I think Robin Hood is the largest distributer of supermarket flour in Canada and their flour is almost as good as Five Roses. Still much more flavorful than U.S. flour.
I'm interested to learn about better flours from other parts of the country too. It's hard to say if the information will be useless, but I'm not adverse to collecting useless knowledge. You never know when I might be in another part of the country or when some local store might decide to stock some oddball flour from elsewhere.

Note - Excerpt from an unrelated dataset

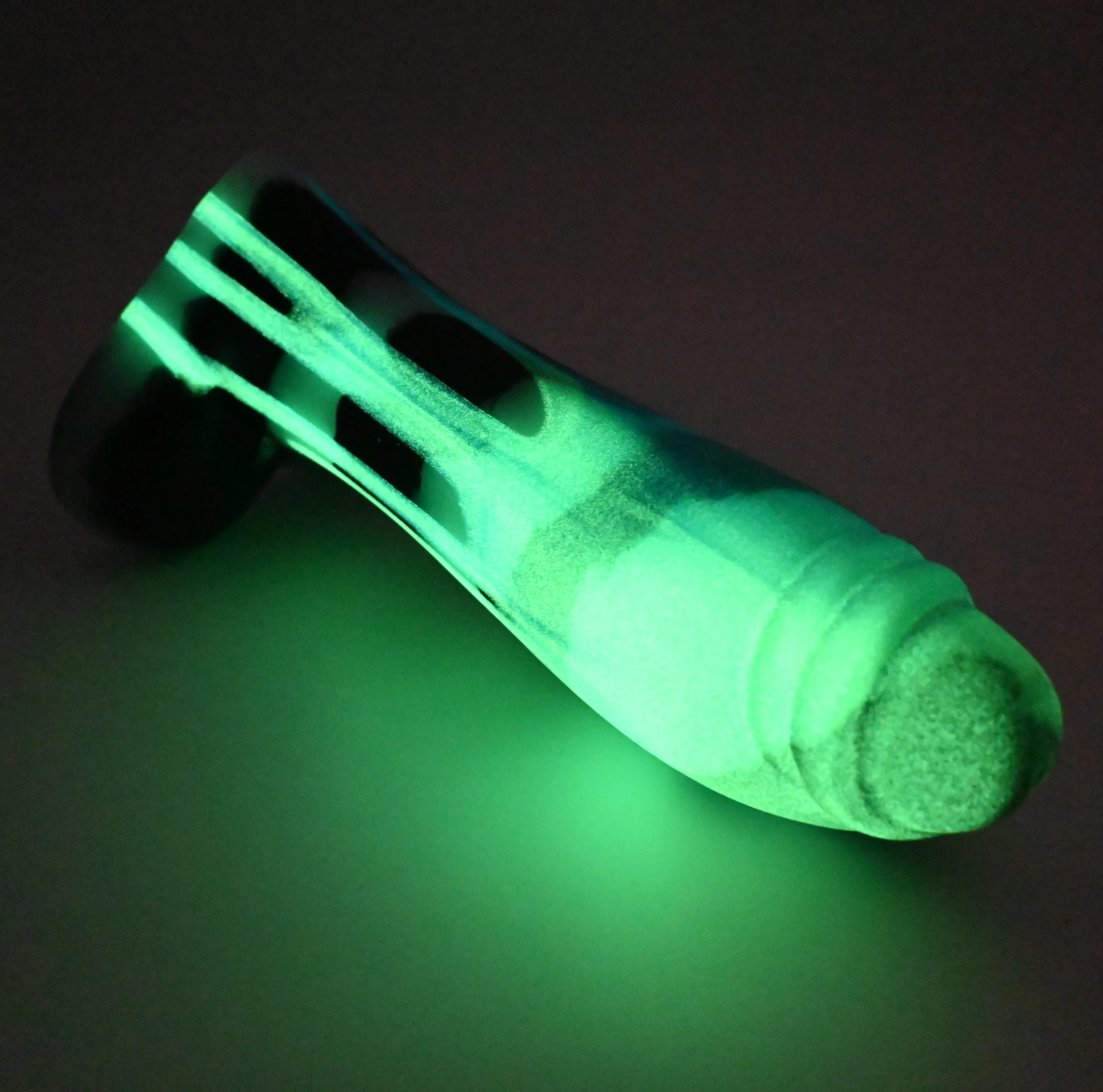 Q4MFY65 Aquus Large 0050 UV GITD - Image 4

And if some faraway flour is better than most but shipping it is too expensive to be practical for everyday use, it's still valuable to me to have tried it once and expanded my knowledge of what is possible.
Eric
Thanks, Tom, good information. I've been reading a few threads here about clear flours, high extractions flours, etc., which sound interesting too. So maybe I should expand my inquiry to include not-quite-white flours that are still closer to white than whole wheat. The golden buffalo flour some people have mentioned sounds particularly intriguing.
I'm a loyal fan of King Arthur Flours, but that is because it is available where I live....it works just great! That being said, if it's flavor you want....."Antimo Caputo" flour is very flavorable. It's milled in Naples, Italy. Google it up, and find a place to mail order. The expense is the only thing that keeps me from using this flour. It has a noticeable aroma when mixing the dough, and noticeable aroma when baking.....and flavor! Wow! But alas...it's expensive to mail order, so I use King Arthur......
I just returned from the Ukraine. The Ukraine is the bread basket of Europe actually. When I return to the Ukraine, I will be trying using Ukrianian flour for baking. There is a huge selection of breads in the Ukraine, that I'm not very fond of actually......but......they are starting to bake more "artisanal" loaves, and the transition is interesting. The ciabatta is good, and I had a rosemary artisanal loaf also that was very good. The usual Ukrainian bread is flavorful, but not very interesting in it's execution......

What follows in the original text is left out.